P J Tracy: ‘Weather is not just a background detail; it’s a main character’
WEATHER WARNING… WEATHER WARNING…
That doomful little banner on the bottom of the television screen is preceded by a grating beep-beep-beep, and followed by dire prognostications of impending apocalypse, and advice on how to avoid it. In Minnesota, that beeping has a Pavlovian effect – we instantly know we’re in trouble of some sort and plan accordingly. During winter, we know to fill our larders and prepare to hibernate until the meteorologists tell us we won’t freeze to death in our tracks if we venture outside. Seriously. When authorities tell you exposed skin will freeze in five minutes or less, and you could die of hypothermia in under an hour if you’re not dressed properly, you listen.
Are we talking about Siberia? Sometimes it seems like it during the dark months of winter in Minnesota. You might be thinking we’re all masochists and it’s a miracle any of us are still alive. But it’s not without its upside. It is a given that writers often draw inspiration from hardship and extreme circumstances, and the possibility of losing fingers or toes, a nose or a life in a relatively short period of time qualifies in my opinion. It’s not always like this here, in fact, it’s an infrequent occurrence considering there are 365 days in a year. But there are times when Mother Nature is most assuredly out to kill us, and how can you not write about that?
Here, weather is not just a background detail; it’s a main character, in fiction and in life. And when you are housebound, completely at the mercy of forces far greater than you, the mind churns with dire scenarios and vivid imaginings of facing the elements that are wreaking havoc just outside your door. Howling wind and subzero temperatures demand artistic expression. I imagine my characters outside while I sit in my cozy house in front of the computer. There is a certain squeak when you walk on snow frozen to thirty below Fahrenheit; a certain smell that comes with your sinus tissues freezing immediately when you take a breath; the instant numbness you feel when the wind hits exposed skin. It’s a lonely, desolate, and hopeless environment, and it inspires words like nothing else.
The latest installment of the Twin Cities series, Ice Cold Heart, is set in such a winter in Minneapolis. If you are sitting on a beach somewhere reading this (and I hope you are!), it will definitely cool you off, and so will Ice Cold Heart, which is chilling in more ways than one. Weather has the ability to echo and augment human atmosphere in writing, and it also inspires some very grave scenarios, as is the case in this book. There is a certain depth of field that comes from living with extraordinary and violent fluctuations of any kind, including weather. I’m not saying I’m grateful about any of this, but it does expand my palette.

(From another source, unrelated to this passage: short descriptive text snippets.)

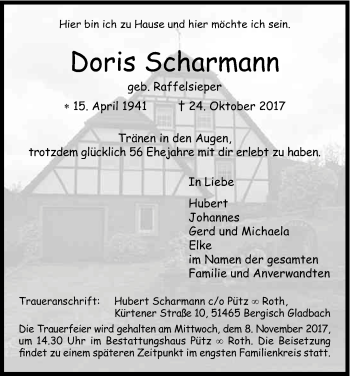 Anzeige von Doris Scharmann von Kölner Stadt-Anzeiger / Kölnische Rundschau / Express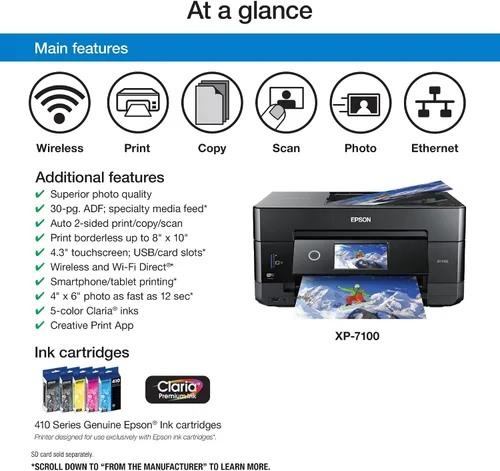 Miniatura 4 de Epson Expression Premium XP-7100 Impresora fotográfica inalámbrica a color con ADF, escáner y copiadora, negro, papel fotográfico pequeño y ultra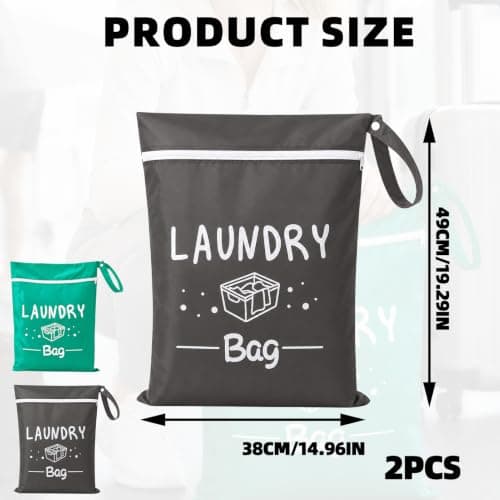 2 Pack Small Travel Laundry Bag, Small Laundry Wet Bag for Home and Travel — view 2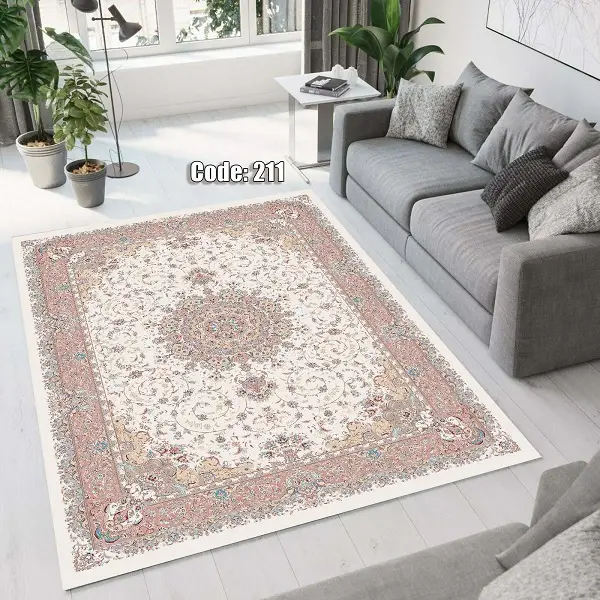 فرشینه و قالیچه ( مستطیل ، گرد ، بیضی ) جنس پارچه شانل ترک طرح سنتی و مدرن مناسب هال و پذیرایی برند دفه کد 211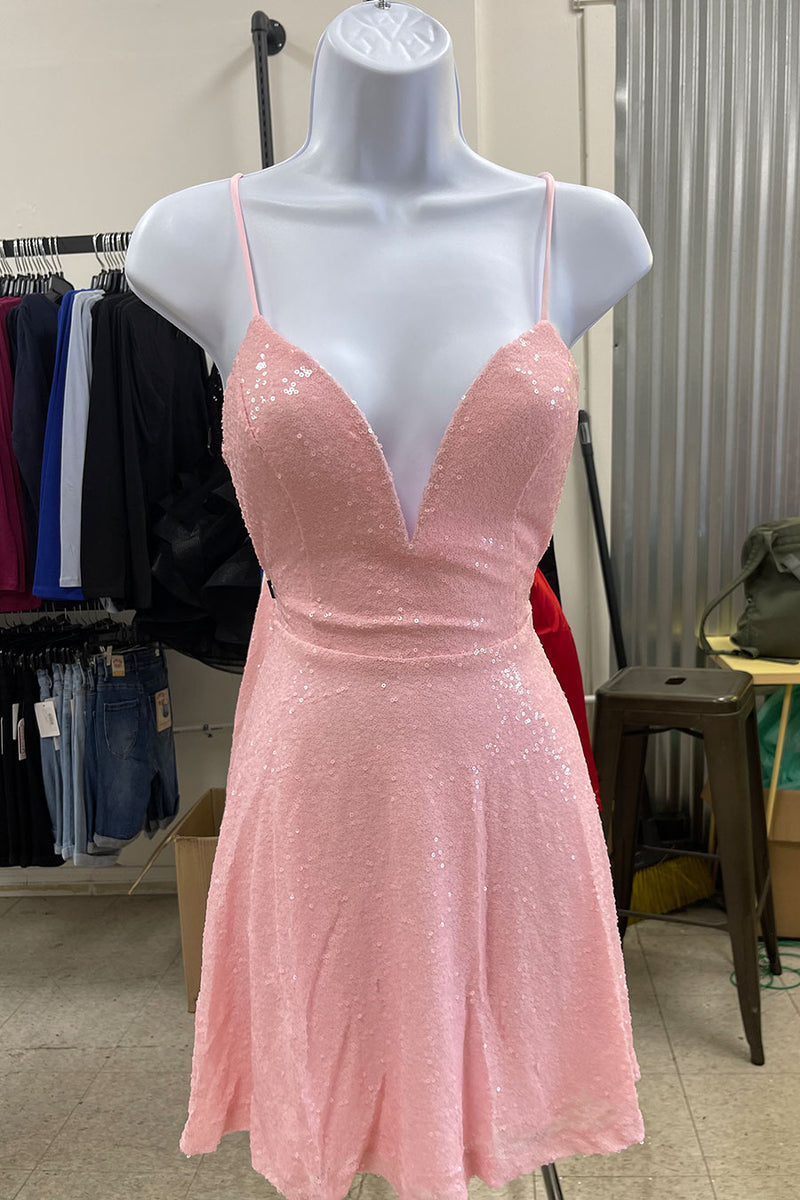Sequin Deep V-Neck Flowy Mini Dress– HyperBees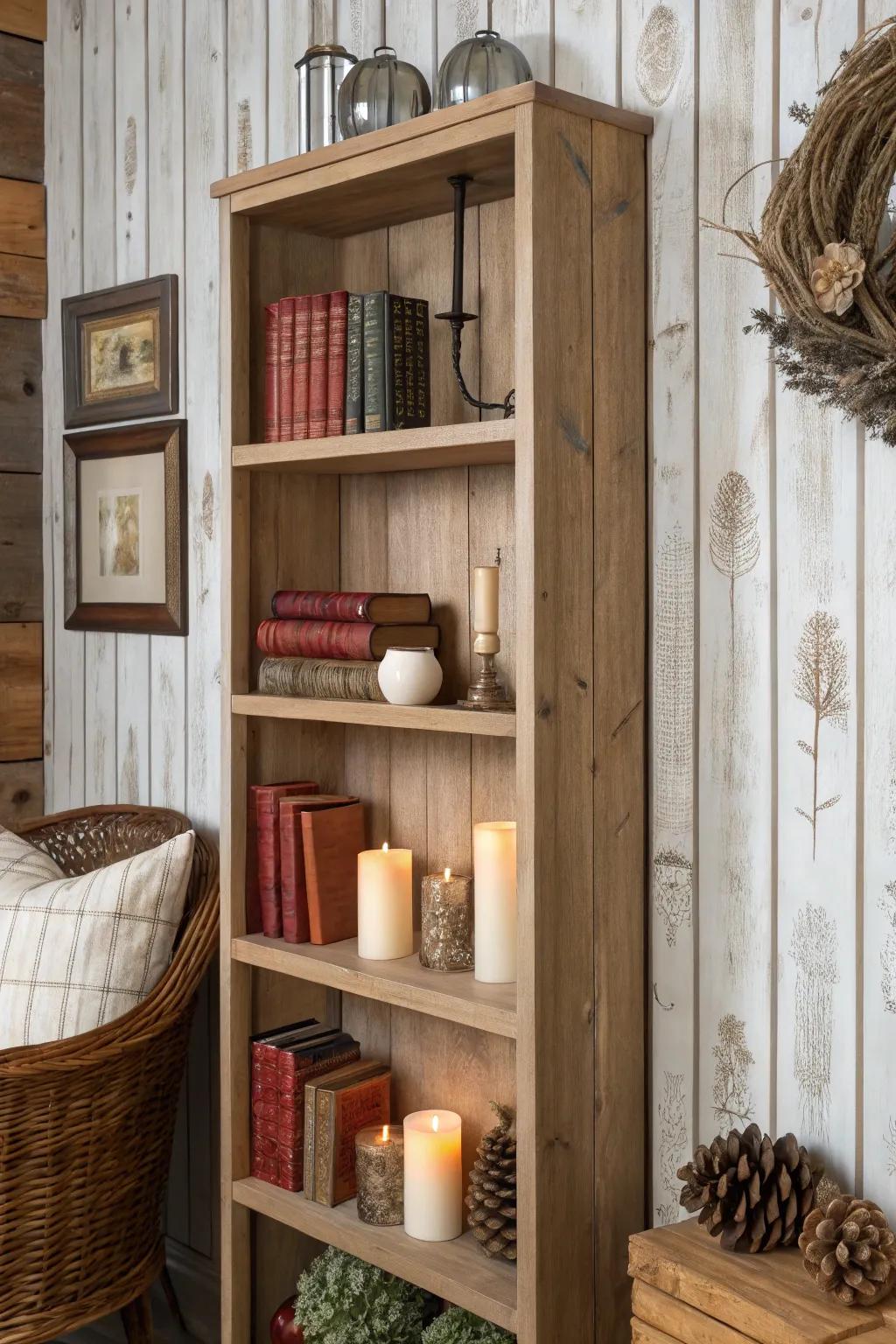 Bookshelf with wood-look wallpaper for a rustic, charming feel.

You may wonder why anybody lives here, but the truth is, the spectacular springs and summers and autumns Minnesota is known for give us winter amnesia. We only forget we should have moved to Arizona or Florida when it’s too late to leave our homes safely, and by the time the sun finally attains a reasonable apex and things start to come to life again, we forget the past and live for the moment. And that’s not a bad way to be.